** Data records follows **

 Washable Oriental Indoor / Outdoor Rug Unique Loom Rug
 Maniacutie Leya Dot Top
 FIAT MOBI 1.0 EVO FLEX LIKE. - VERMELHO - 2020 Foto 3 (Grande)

** End of Data records **
** Data records follows **

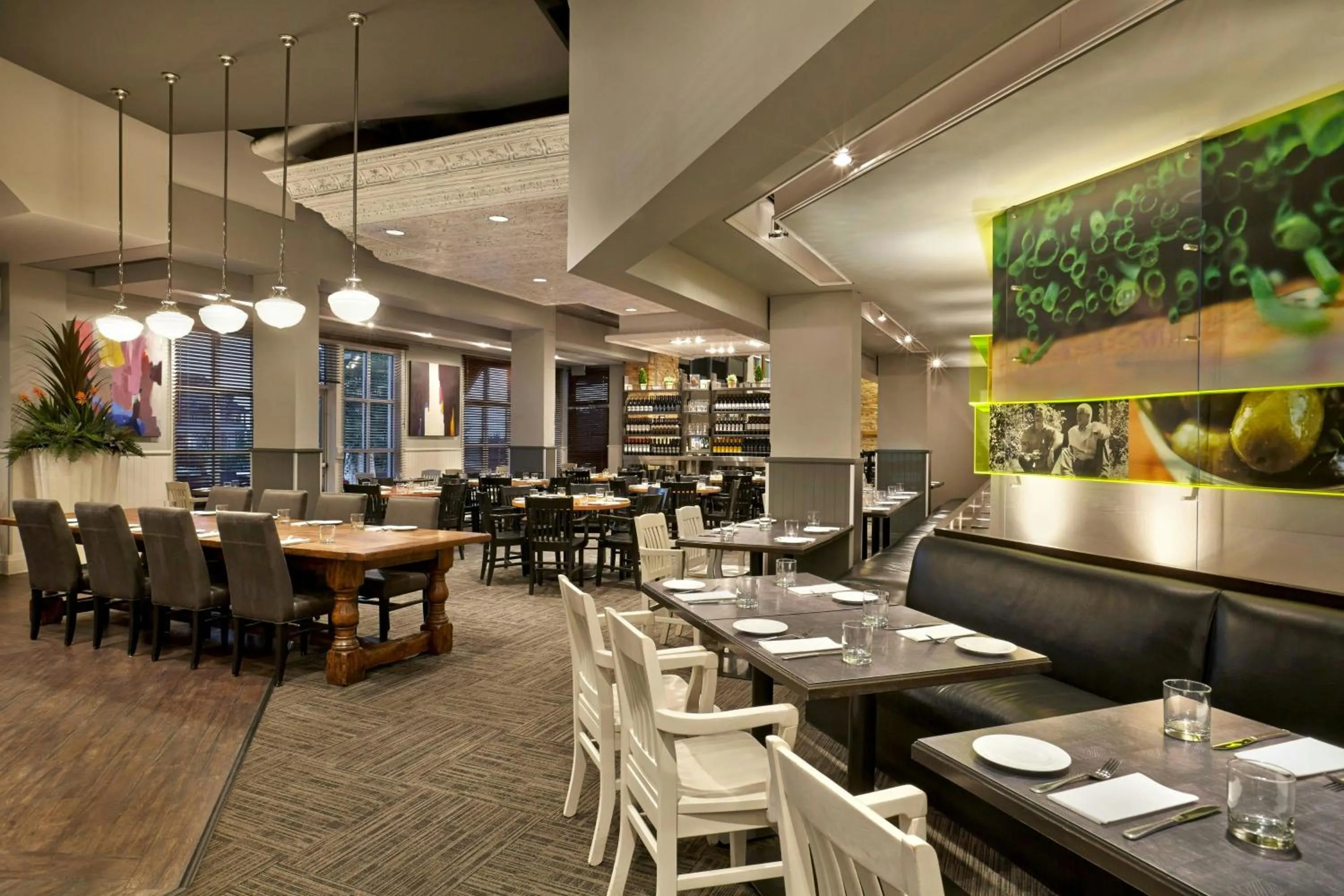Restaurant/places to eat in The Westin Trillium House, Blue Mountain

** End of Data records **

- About this exercise
Restate word for word the lines in the material above from the one with "Maniacutie Leya Dot Top" to the one with "FIAT MOBI 1.0"; both of those lines count, and nothing else does.

- Response below
 Maniacutie Leya Dot Top
 FIAT MOBI 1.0 EVO FLEX LIKE. - VERMELHO - 2020 Foto 3 (Grande)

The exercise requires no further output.